Friday, December 9, 2011

Soups 101

On a cold winter day there’s nothing more soothing than a pot of soup simmering on the stove. I’ve spent the recent cooler evenings at home with a warm cup of soup beside a roaring fire. To me, this welcomed environment best symbolizes the beginning of Winter.

Making soup usually begins with sautéing aromatic vegetables such as onions, carrots, celery, with other seasonings in butter oil to create a flavorful base. Most soup recipes call to add a small amount of liquid such as stock, water or wine to the pot. This step recaptures the flavor developed from sautéing. You might also add a thickening agent such as roux, and allow it to cook for a few minutes before the remaining liquids are added.

The process for making a soup is essentially the same as the steps for making a sauce.

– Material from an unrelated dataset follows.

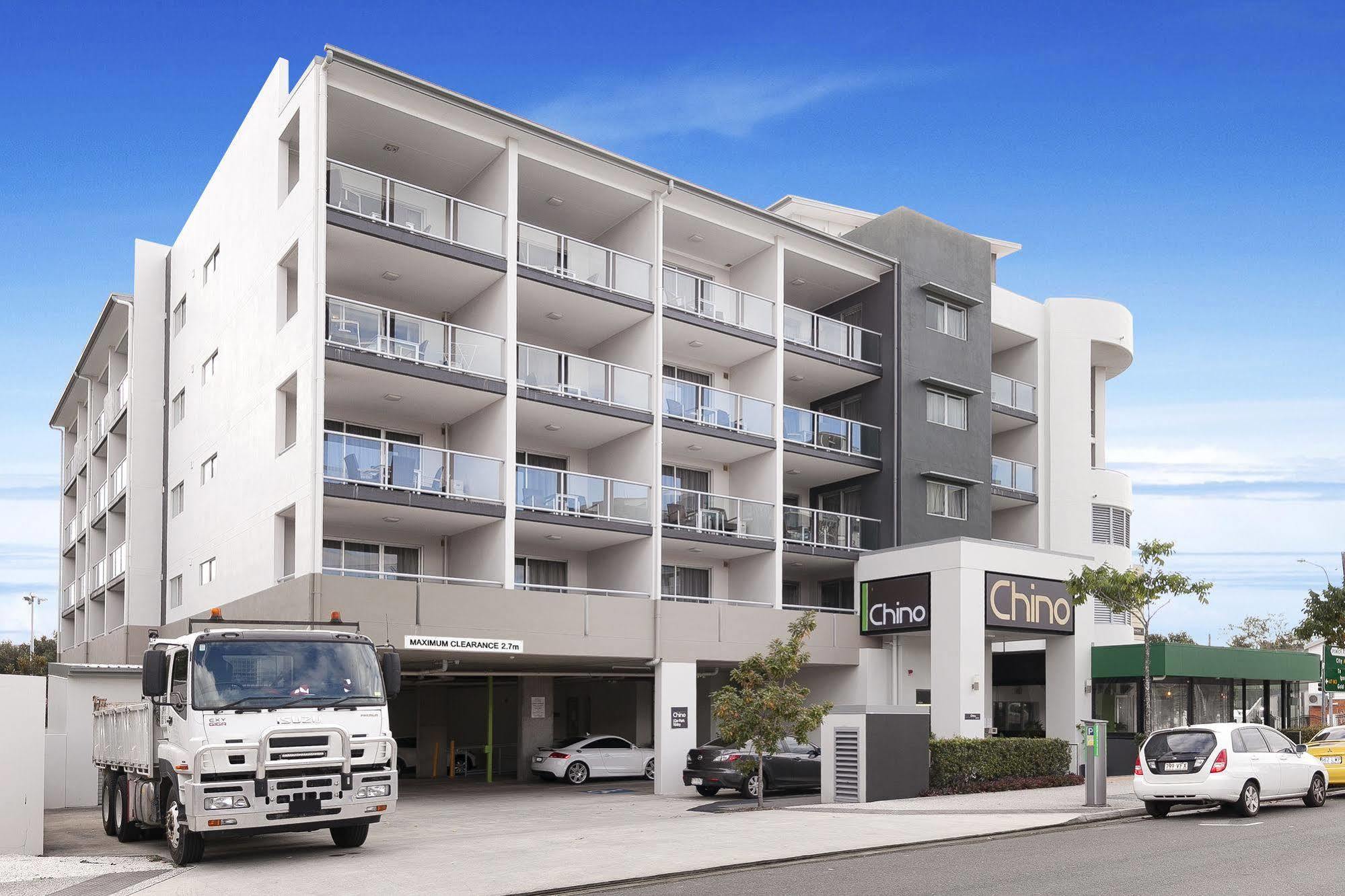 Hotel Chino Brisbane Buitenkant foto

The difference is that soups are less concentrated in flavor and can be eaten as a food in themselves whereas a sauce is used to accent a finished dish.

Most soups are simmered gently over low heat, requiring little attention other than occasionally stirring to ensure all ingredients are evenly combined.

Cooking Tips For Making A Good Soup

• Slice or chop vegetables uniformly to ensure even cooking.
• Soup should be cooked at a slow simmer to distribute flavors. Stir it often with a wooden or silicon spoon.
• Leafy herbs, such as thyme, parsley, bay leaf may be tied with a string inside a cheese cloth then removed before serving.
• Add your seasonings in small quantities. They will intensify as the soup cooks, and you can always add more seasoning later.
• Cook tougher meats in stock to ensure a more tender texture, then add other ingredients.
• Salt is the most basic ingredient, yet adding of salt must be carefully timed. Take care not to over salt. Some salt substitutes can be a squeeze of lemon or some good quality balsamic vinegar to brighten the flavor of any soup, without the sodium.
• If you are not serving your soup immediately, let it cool before storing it in the refrigerator. Cool your soup to room temperature first, then transfer to refrigerator or freezer. Most soups can freeze exceptionally well.

Garnishing Soups

Croutons add a nice crunchy texture to soups and are perfect to accompany any flavorful soup. Restaurants use day old baguettes and other breads as croutons for soups or salads. At home, take day old breads, remove crusts and cut into ¼ in cubes. Place cubes in mixing bowl, coat with olive oil Arrange cubes on a baking sheet, sprinkle sea salt and fresh ground black pepper. Place in preheated 300F oven. Bake until golden brown, usually 15-20minutes. Cool crotons to room temperature and serve. Croutons may also be stored in airtight container to use later.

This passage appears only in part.